Samuel Sanchez summed it up best in the BMC press release for Stage 20 to Ancares;
“To understand how was hard it was, you only have to look at the riders’ faces.”
That was certainly true of Chris Froome, his face ashen, skin tight on his skull, eyes popping, gasping for air like a dying fish.
Not just from the effort but from the disappointment of having burned his Sky team to last match head then given his all, only for Alberto Contador to sit there as cool as a glass of Pimm’s on a summer’s day, soak up all the punishment then put 16 seconds into the Englishman in the last few hundred metres.
To use a Sean Kellyism, the smiling man from Pinto was; ‘moightily impressive.’
Depending on your point of view on these things, the Puerto de Ancares was either a fitting and symbolic ‘high’ to mark the end of the race’s climbing days, or, as young IAM rider, Marcel Aregger said;
“A final climb like I have never seen before – it was pure madness!”
We can rest assured that VV’s answer to Nostradamus, Viktor will be with Aregger on that one.
But back to Froome, there can be little but admiration for the way he attacked and attacked again but whilst it’s easy to be a ‘SDS’ – that’s ‘sofa director sportif’ – maybe he shouldn’t have committed his boys from quite so far out?
It would have been better to have more support at the death, surely?
But he tried hard and gave us a great race.
Fourth placed Joaquin Rodriguez is being criticised for his attack on Ancares; but again, he rode, he tried, he didn’t just sit there and wait on the inevitable Froome/Contador grapple to the death from which he was always going to get shelled.
Of the three ‘Bigs’ who sustained injuries earlier in the season – along with Contador and Froome – the little Catalan is the one who has found it toughest to get back to full fitness.
As we say in Scotland; ‘old age doesn’t just come on it’s own…
Valverde defended the sixth Vuelta podium placing of his long career and whilst he bears the stigma of ‘bad doper’ because there’s been no remorse filled book/tearful confession or ride with Saint Jonathan’s Garmin, you have to respect the man – he’s a bike racer.
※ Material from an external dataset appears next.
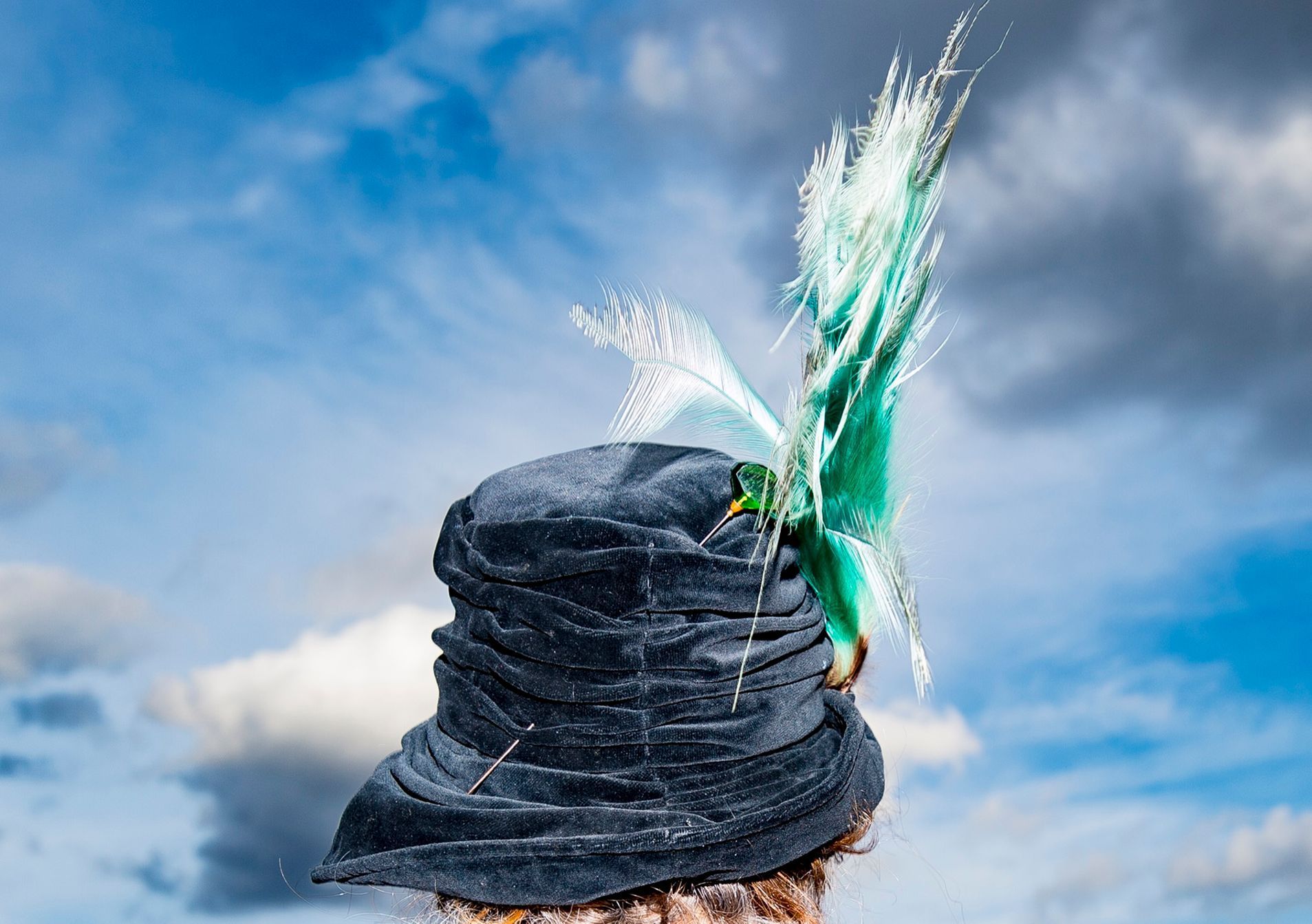 Czech Press Photo 2018 - nominace v kategorii Lifestyle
His season isn’t just about one or two three week periods.
He opened the year with victories in the prologue, two stages and the GC in the Ruta Del Sol; then there was the Tour of Murcia, Lazio, GP Indurain, Fleche Wallonne, the Spanish TT Champs, fourth in le Tour and San Sebastian.
This Vuelta has yielded a TTT and individual stage win, a spell in the red leader’s jersey and (God willing in Santiago) Valverde’s sixth appearance on a Vuelta final podium – quality.
Astana’s Aru confirmed that he’s an exciting prospect for the future with his two stage wins but, as in the Giro the tank was rapidly draining on the last day, however he fought and fought up Ancares finishing totally drained but conserving fifth on GC.
Oviedo man Sammy Sanchez has to be due a round of applause, a rider who we thought might be past ‘sell by’ rode a good race for sixth spot on GC – albeit he’s in a different Vuelta from the first five, some six minutes behind Aru and ten behind Contador.
Last words then must go to Alberto Contador – there’s little left for us say except that this Vuelta confirms him as one of the all time great stage racers.
Apparently I’m not supposed to mention that he came back from being ‘close to death’ – too close to Lance’s story, I’m told – but the fact is that he did, curled in a ball on the hard roads of the 2004 Vuelta a Asturias with blood seeping from his ears.
And on the subject of the The Texas Turd, when Contador was on Astana with Lance in the 2009 Tour the Madrileno not only had to beat all the other teams on the race, he had to fend off half of his own squad, too.
Six men in the history of cycle sport have won all three Grand Tours; Jacques Anquetil, Felice Gimondi, Eddy Merckx, Bernard Hinault, Vincenzo Nibali and Alberto Contador – enough said.
And even though the race is won, I still wish I was going to be in Santiago de Compostella, this night.